FelixFelix the Saiz
Events are back on at Peinture Fraîche! For the occasion we are very happy to invite you to the launch of the book Felix by Felix the Saiz and published by Le Mulet on Thursday 8th September from 5pm to 7pm.
The event will take place simultaneously in three spaces. You can also find “Felix” at the Comptoir du livre in Liège and at the gallery L’enfant sauvage in Brussels.
« All rather old, crumbling ceiling, grubby paint, it’s fatigue wear, reasons for no reason provided on the eve of deterioration – sluggish architecture – back covers strewn on the floor, this is literature, awaiting moments that came. »
This excerpt from an unpublished piece by Félix The Saiz, reflects in a way the spirit of this series. Fatigue wear, reasons for no reason, back covers, literature awaiting moments that (already) came: it’s all there, on these flyers, their images gleaned by the photographer, over eight years.
The use of the word literature is not overdone: with these lost cats, whose auras we get a glimpse of more than their figures, whose eyes -sometimes only one of them- we sense more than their expressions, each image of a seemingly crumbling piece of wall, tells a story. To contemplate them is to lose oneself into non-human anymore territory, or so little yet, a territory on the margins, travelled by stealth creatures familiar with survival, such as those that haunt certain movies from the seventies, movies of resilience and nostalgia.
A paradox. Cats, so individualistic, cats we pretend to love for their independent nature, are suddenly so much missed. Once gone missing, they cease to represent triumphant freedom, going about carefree from one block to another, from courtyards to gardens, each time a secret expedition. Rather, once they are painstakingly put on the record, recounted in a few ingenuous lines, on a more or less average photo, they embody the anguish of love lost, the quest for an unlikely reunion and forever unanswered questions.

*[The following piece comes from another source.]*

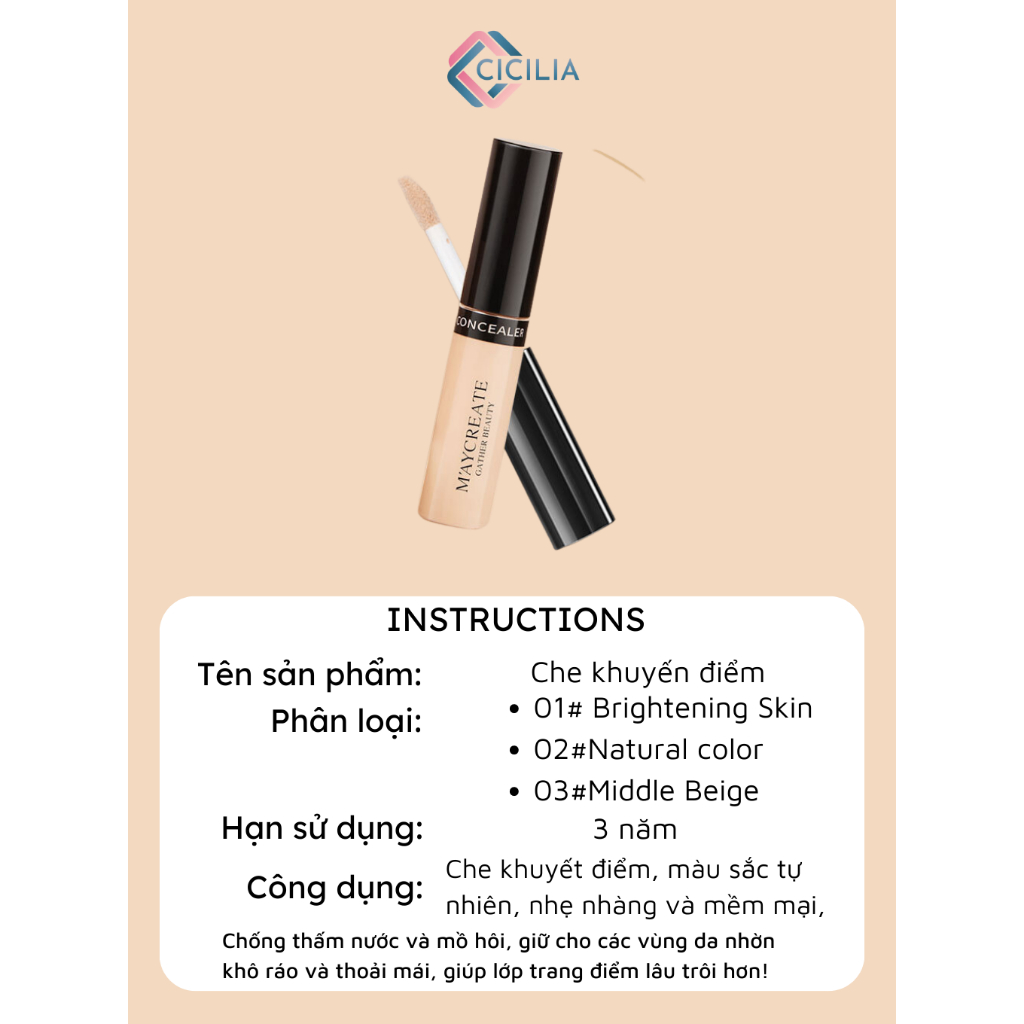 Kem Che Khuyết Điểm CICILIA Gồm 3 Màu Chuyên Dụng Che Phủ Hiệu Quả Lâu Trôi CI-011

For cats have reasons for no reason, this is where their essence lies. Cats wander, and every human should know when they foster them, that each week, each year won over disappearance or death is a victory of their forever wild side. As we take them home, it’s only for a while, as we love them, it’s only for ourselves. Alive, inseparable from the wonder of present moment, they are the mirrors of our times of lonesomeness and joy. When gone missing, they turn into as many pious mementos, ex-votos in the shape of small posters worn away by the passage of the seasons, frothed by humidity, little spectres, spiritistic visuals.
The posters are weathered and scarred, in the image of the life of the photographer who set his eyes on them, to thoughtfully craft prints that will retain the spirit of these phantasmal homecomings.